For several reasons this publication is important to my own work. To begin with, it presents some history on standardized testing in the early twentieth century. Essentially, though, it is about the concept of measurement, and its abuses by psychologists and other social scientists. I am not interested in the abuses themselves, only insofar as they can have serious consequences as regards the ways we think it is just to test pupil achievement. The designer of achievement test items should make it clear how it is that these items measure what it is intended they should measure, and what the arguments for the intention are in the first place.

Another reason I should be interested in this work by Joel Michell is because of the spa-model: strategic preparation for achievement tests. A host of measurement issues is at stake in this model; I very urgently need to make it clear what they are, and how they affect the model itself, or its application in the search for optimal achievement testing.

Preface

"This book is about an error, an error in scientific method fundamental to quatitative psychology." (p. xi) This error, and another one put on top of it, became locked in in scientific practice. Michell sets out to research how this was possible, an exercise in philosophy of science. This looks interesting to me, but the point in studying these errors and their development is in being able from now on to avoid them: will the work of Michell make such a thing possible? Does the error really touch on educational measurement?

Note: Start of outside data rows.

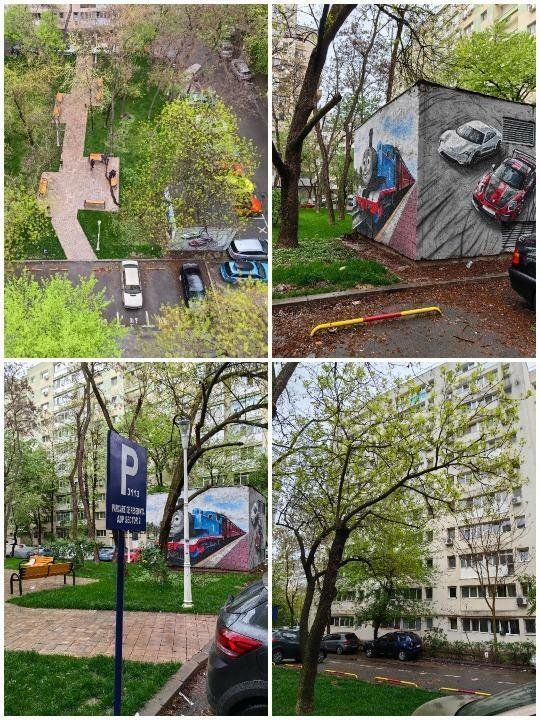 Garsoniera modernă CF 1 - Delfinului - Poză 15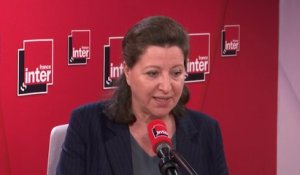 "Aucun" des candidats d'Agnès Buzyn ne se retirera pour rejoindre Rachida Dati dimanche soir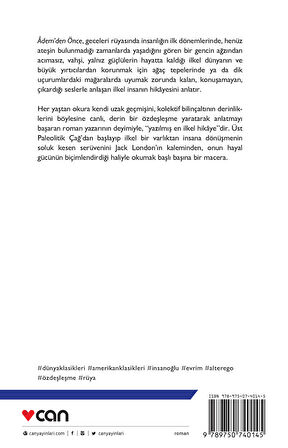 Adem'den Önce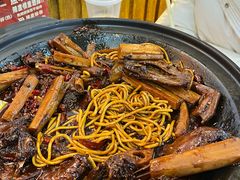 -回味黑鸭煲·始于2006(万松园店)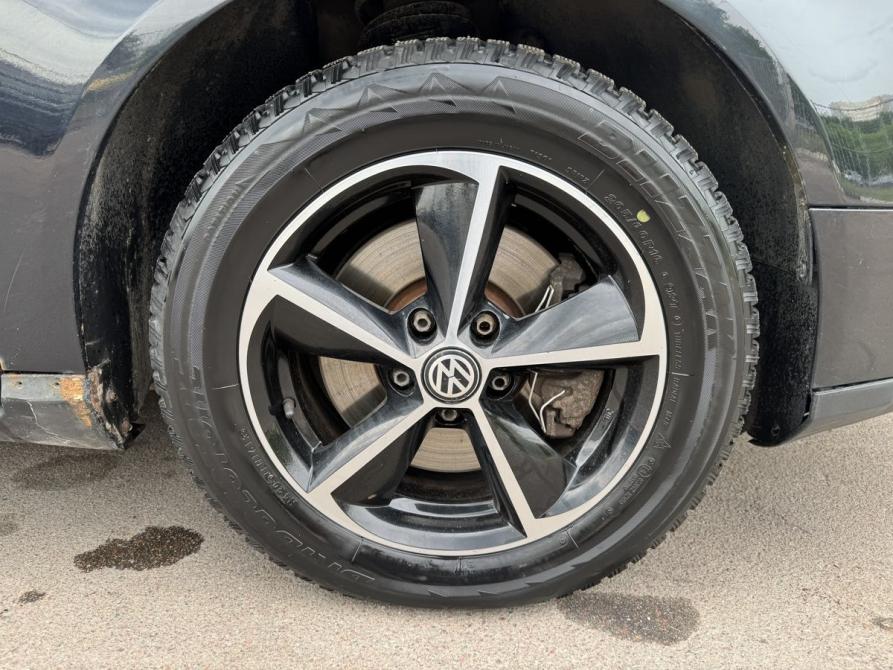Volkswagen Passat B6 Воронеж  - изображение 12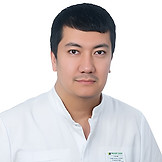 Азимов Алик Ахмадуллаевич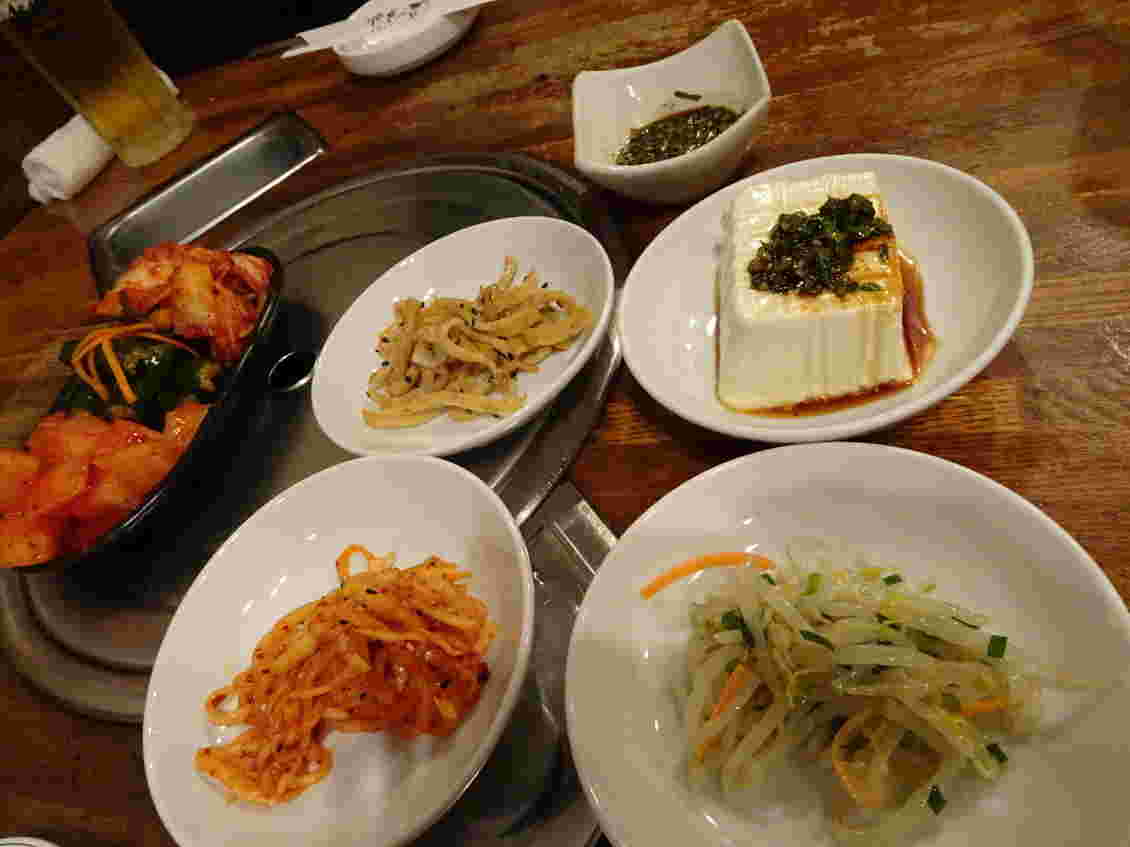 料理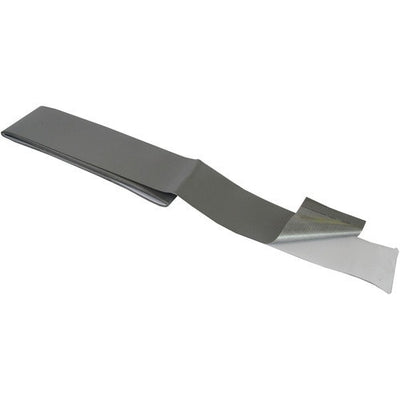 Peel-Away Duct Tape, unpeeled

This is a very difficult book to read because of its message and organization. OK, it is about an error, so what? Show me this error and its consequences, and I will follow your explanation as to its origins and development. Michell does not seem to do this. I expect him to explain first what the error might mean for people being tested, or for particular kinds of decisions based on testscores. Instead, he tells us how mistaken de godfathers of psychometrics have been in their use ot the concept of measurement. In particular I want to know in what way 'educational measurement' (such as in Linn, 1989), might be 'in error.' So I first will check whether and where Michell tells me what might be this error in the SAT I or in its uses. If I do not find it, I will look into other publications of Michell for answers. Or publications about the work of Michell. Or the brilliant but equally difficult article by Lumsden in the Annual Review of Psychology 1975 or there about. Only then will I go on annotating the text of Michell.

Some answers to these questions are given on pages 159-161.
"If all that a particular level of general ability means, employing Comrey's principle [numbers are used to represent the results of certain operations that have been performed], is a performance of a certain class, then the concept of general ability cannot be invoked to explain performance of that kind because the explanation and that what is to be explained are the same. In so far as a scientific explanation of some effect identifies causes and in so far as cause and effect must always be logically distinct occurrences, theoretical quantities defined by Comrey's principle fail as explanatory concepts. (p. 159)
The figure (used in Test item design' html) shows how psychologists like to see things. The point is, the intelligence concept is defined in terms of observable behavior/testscores. This kind of pseudo-theory does not explain anything, it is circular.
Cronbach and Gleser 1957:
"As Cronbach and Gleser (1957) later came to acknowledge, the usefulness of tests in predictive or decision-making contexts is an issue independent of whether or not tests measure psychological attributes. Cronbach and Gleser advocated replacing the 'measurement model' by the 'decision theory model' and, while this recommendation may have value in specific, practical contexts, the issue of whether or not such tests measure anything remains a genuine scientific issue. As already noted, discovering that a particular mental test is useful in a particular context raises the scientific issue of why that should be so, but in and of itself, it does not contribute towards settling that scientific issue and, certainly, does not imply that anything is measured." (p. 159-160)
One such practical context, without doubt, is assessment in education (a better term than 'educational measurement.'). In educational assessment psychometrics should be exchanged for decision theory (my conclusion. Michell does not explicitly address educational assessment issues as such).
History is clear on this point: psychologists have opted for clinging to the concept of tests as measurements, following the lead of Stevens, instead of the pragmatic approach of Cronbach and Gleser, acknowledging that mental tests, for the time being, do not qualify as measurements (and dropping the rhetoric of 'measurements' or 'theory of mental test scores').
On pp 160-161 Michell reveals how Stevens manipulated Campbells statements in the Stevenson commission in a fraudulent way (not the term Michell uses, at least not in this place).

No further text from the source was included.